International career
- 1997: Australia U-17 / 8 / (1)
- 2000: Australia U-20 / 2 / (0)
- 2006: Australia / 2 / (1)

Managerial career
- 2015: Bayswater City (assistant)
- 2017–2020: MetroStars (assistant)
- 2017–2020, 2024/25: Adelaide United (W-League) (assistant)
- 2020–2024: Croydon FC

= Travis Dodd =

Australian football player

Travis Dodd (born 6 January 1980) is an Australian football (soccer) coach and former football (soccer) player who last played for North Eastern MetroStars SC in the National Premier League – South Australia competition. He played as an attacking midfielder or winger and also played as a striker. He was the first Indigenous Australian to score for the Australian national team.

==Domestic career==

Born in Adelaide, South Australia, Australia, he played junior football at Elizabeth before joining the South Australian Sports Institute in 1996. He was Adelaide City's fourth youngest National Soccer League (NSL) player of all time (16 years 281 days), and the fifth player in NSL history to score a hat-trick after coming on as a substitute (in a 4–1 win over Football Kingz in 2003).

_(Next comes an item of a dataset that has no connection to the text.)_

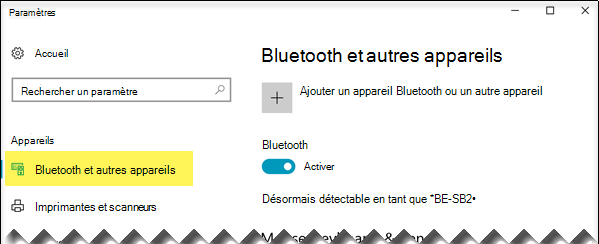 Vérifiez que l’option Bluetooth & autres appareils est sélectionnée sur le côté gauche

At the conclusion of the 2003–04 NSL season, he moved abroad, playing firstly with Malaysian club Johor, then Greek club Panionios. During his stint with Panionios, Dodd scored in their UEFA Cup first round victory over high-profile Italian side Udinese Calcio. His career at the Greek club was short lived, with a change in manager seeing him frozen out of the senior squad. He made nine appearances for the club, four in the league, and five in the UEFA Cup.

=== Adelaide United ===
Dodd returned home to Adelaide in 2005 and was part of the Adelaide United side that won the 2005–06 A-League Premiership. On 23 May 2007, Dodd was the first Australian player to score a hat-trick in the Asian Champions League, scoring all three in a 3–0 win against Đồng Tâm Long An. After positive performances in the Asian Champions League, Dodd was linked with a move to Kashima Antlers.

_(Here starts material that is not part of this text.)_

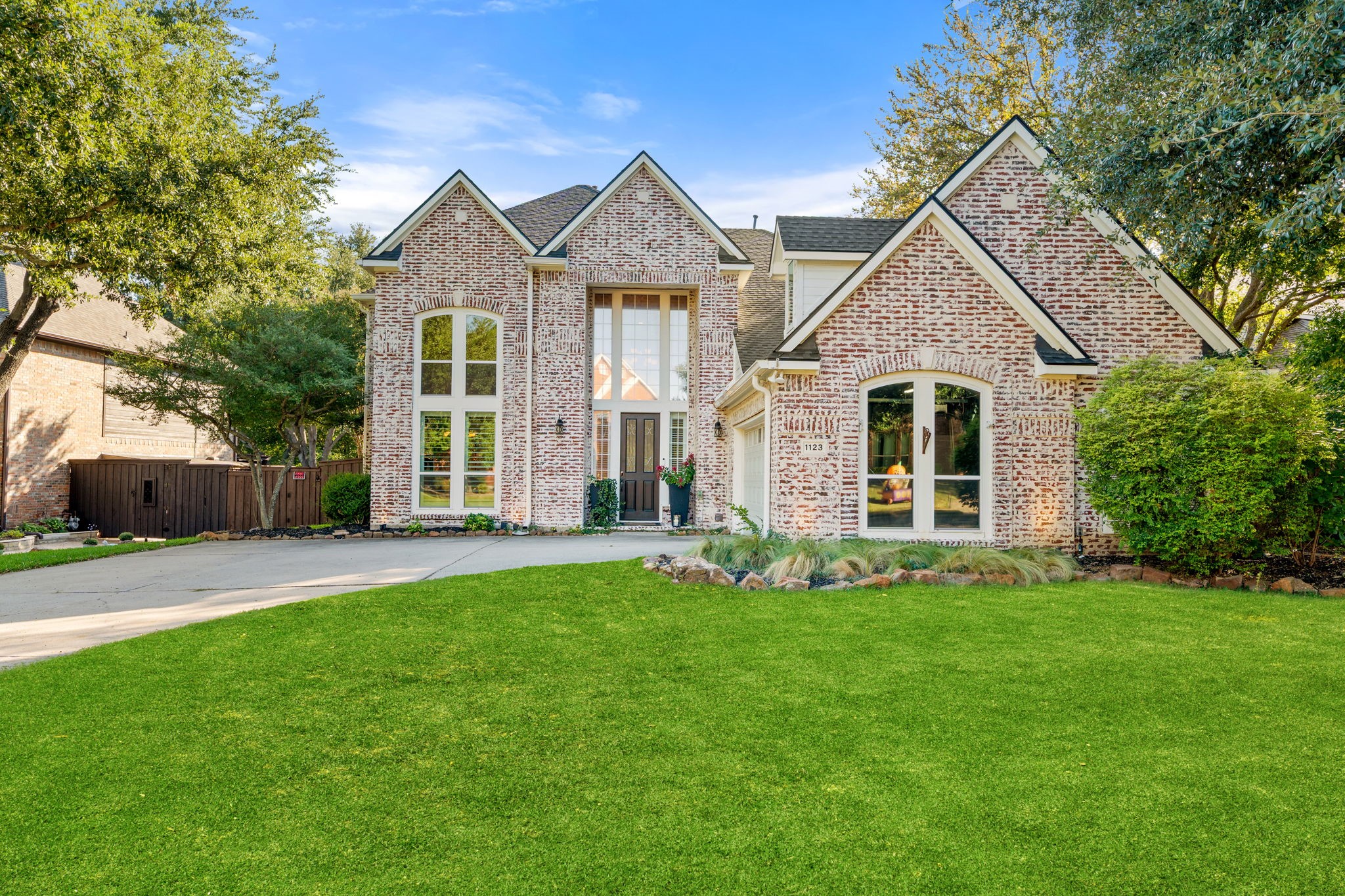 1123 Shadetree Lane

Dodd took the captaincy of Adelaide United in July 2008 taking over from Michael Valkanis. He became Adelaide's fourth captain since its formation in 2003. During 2008 Dodd had a rich vein of form scoring 11 goals from midfield including a goal against New Zealand team Waitakere United in the FIFA Club World Cup that saw the team progress to the Quarterfinals. 2008 also saw Dodd become the first Adelaide United player to play 100 competitive games in which he scored the only goal in the 1–0 win over Perth Glory in round one of the 2008–09 A-League season.

===Perth Glory===
On 1 March 2011, it was announced that Dodd had signed a two-year contract with A-League club Perth Glory reportedly worth $200,000 per season with an option to extend the contract to a third year.

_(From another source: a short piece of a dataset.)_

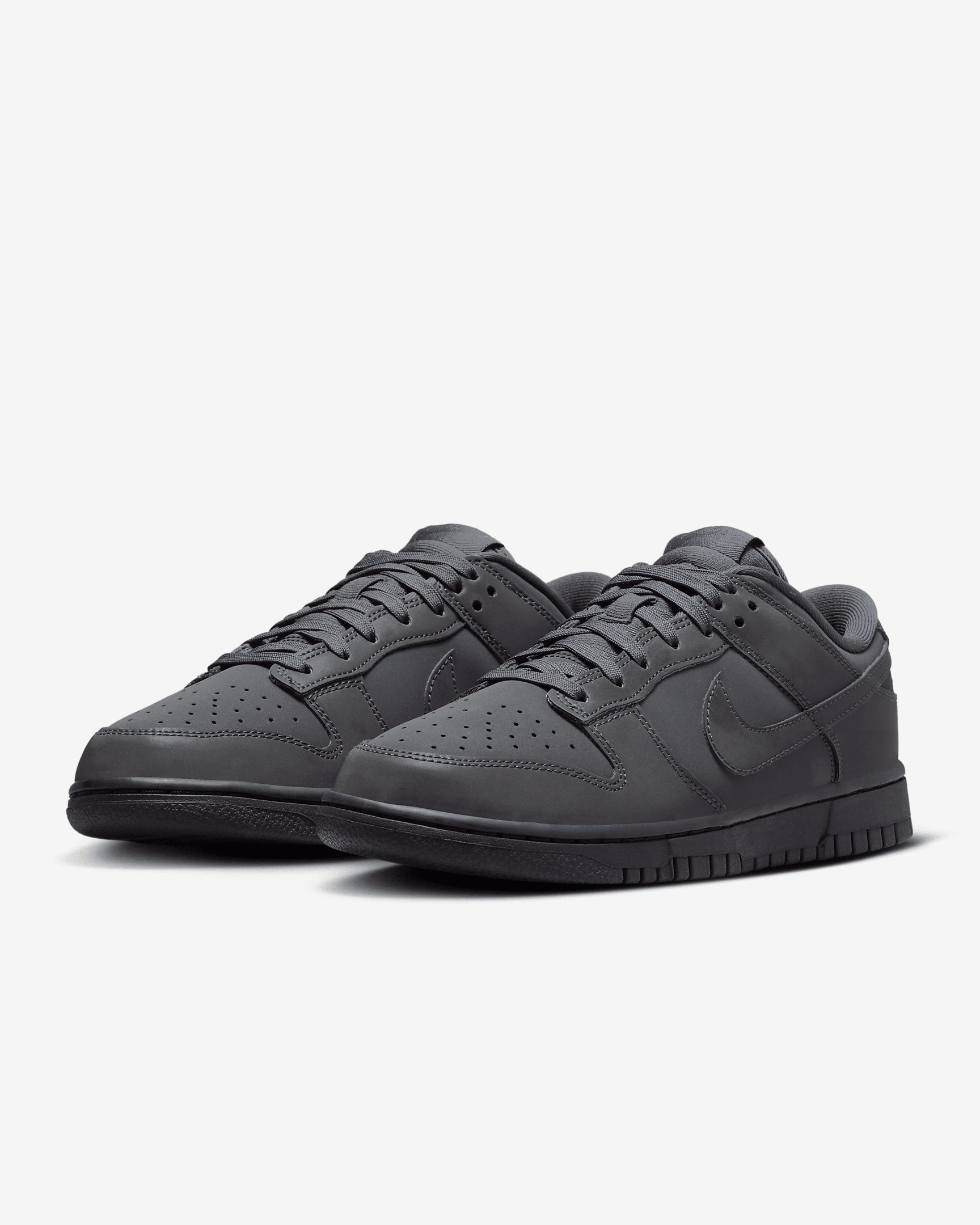 Nike Dunk Low Women's Shoes - 5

On 23 March 2013, Dodd tore his anterior cruciate ligament (ACL) in a league match against Melbourne Victory potentially sidelining him for 12 months.

On 4 April 2014, with Dodd still unable to play after more than a year of recovery, Perth Glory announced that his contract would not be renewed, thus leaving Dodd's further playing career in doubt.

===MetroStars===
On 7 February 2016, Dodd signed with South Australian club North Eastern MetroStars in the National Premier League. He again tore his ACL during the last game of the regular season, and has foreshadowed a move into coaching for 2017.

==International career==
Dodd's debut international match for Australia was an AFC Cup qualifier against Kuwait at Allianz Stadium, on 16 August 2006. He scored the opening goal for the home side in a 2–0 win. Dodd's goal marked the first ever international goal scored by an Indigenous Australian player.

==Managerial career==

Dodd joined W-League team Adelaide United during the 2017–18 Season as an assistant coach.